17

2.6K 420 75
                                    

Hari Jumat, pelajaran olahraga baru saja selesai. Minggu ini adalah penilaian akhir tengah semester untuk praktek olahraga. Karina yang biasanya terlihat ogah-ogahan menjalani pelajaran satu ini tiba-tiba menjadi manusia teraktif yang haus akan nilai praktik yang baik. Bukan apa-apa, masalahnya ujian tulis penjaskes di sekolahnya adalah ujian teraneh menurutnya di mana soalnya cenderung tidak bisa dipahami otak. Ya, satu-satunya cara dia harus ambis di praktik yang sayangnya dia juga tidak terlalu jago.

"Rin anting lo ilang apa emang lo sengaja pake model satu anting gitu?" Giselle mengernyit menatap bagian telinga kanan Karina.

Reflek Karina memegang telinga kananya dan panik karena satu antingnya hilang. "Mampus gue. Ilang anjir!"

"Lo sih brutal banget tadi." Ucap Giselle sambil melipat baju olahraganya.

"Aduh mampus dimaki emak gue nih pasti." Sesalnya sambil ikut melipat asal pakaian olahraganya.

"Jatoh kali di lapangan pas voli tadi. Lo kan sempet kena bola Laura tadi."

Karina berpikir sejenak. "Apa iya ya? Gue cari dulu deh, nitip baju gue ya Sel."

Giselle mengangguk bersamaan dengan Karina yang telah meluncur cepat menuju lapangan belakang sekolah.

Harap-harap cemas karena yang hilang anting emas dan harganya lumayan bisa membuat dia dimaki seminggu penuh oleh mamanya. Dengan cepat dia membuka pintu besi satu-satunya akses menuju lapangan belakang yang sangat luas. Alamat jam istirahatnya terbuang sia-sia.

Belum sempat dia menginjakkan kakinya di lapangan, matanya tak sengaja melihat seseorang sedang duduk di kursi tepi lapangan. Wajahnya tidak terlihat karena memang jaraknya sangat jauh dari tempat Karina berdiri. Dengan ragu dia berjalan menuju orang tersebut karena satu-satunya tempat yang menjadi kemungkinan besar dia kehilangan antingnya adalah tempat itu.

"Anjir!" Umpatnya pelan menyadari siapa yang sedang duduk di sana, Jeno. Dia tengah duduk sambil memerhatikan Karina yang terus berjalan kearahnya. Bukan maksud ingin menghampiri, masalahnya dia sudah terlanjur jauh melangkah, sungkan kalau tiba-tiba putar balik. Apalagi hanya mereka berdua di sana.

"Kenapa Rin?" Tanya Jeno formalitas ketika Karina sudah sampai didekatnya. Raut bingung juga tercetak jelas di matanya.

Karina tersenyum miris. Kemarin orang yang sedang duduk didepannya ini adalah orang yang membuatnya takut setengah mati karena memaki dan mendorong Naren dengan kasar. "Nyari barang. Lo ngapain di sini?" Jawabnya tanpa melihat Jeno dan lebih fokus menyisir lapangan mencari antingnya.

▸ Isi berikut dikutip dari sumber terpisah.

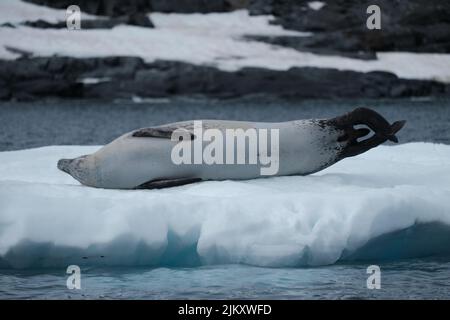 Eine wunderschöne Aufnahme einer Leopardenrobbe, die auf einem Eisberg im Meer liegt Stockfoto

"Ini?" Tanya Jeno mengangkat antingnya dengan tatapan penuh tanya.

Mata Karina berbinar. Sedikit bersyukur karena antinya ketemu. "Iya ya ampun." Katanya senang menghampiri Jeno hendak mengambil antingnya.

Karina hendak mengambil anting tersebut, tapi Jeno kembali menarik tangannya. "Duduk sini dulu baru gue kasih."

Karina menatap Jeno tanpa ekspresi. Dia berdiri membeku bingung hendak bagaimana. "Gue mau cerita, bentaaaarrr aja." Kata Jeno membuat Karina mendesah lelah. Terpaksa dia duduk di samping Jeno.

"Kenapa?" Tanyanya to the point.

Jeno terkekeh mendengar suara Karina yang terkesan ketus. "Lo marah sama gue? Apa takut?"

Karina menatap Jeno datar. "Dua-duanya." Jawabnya lugas tanpa jeda sedetik pun.

"Gara-gara kemaren?"

"Kalo udah tau ga usah nanya deh Jen."

"Gue minta maaf ya." Jeno menatap dalam Karina, tubuhnya menghadap Karina sepenuhnya.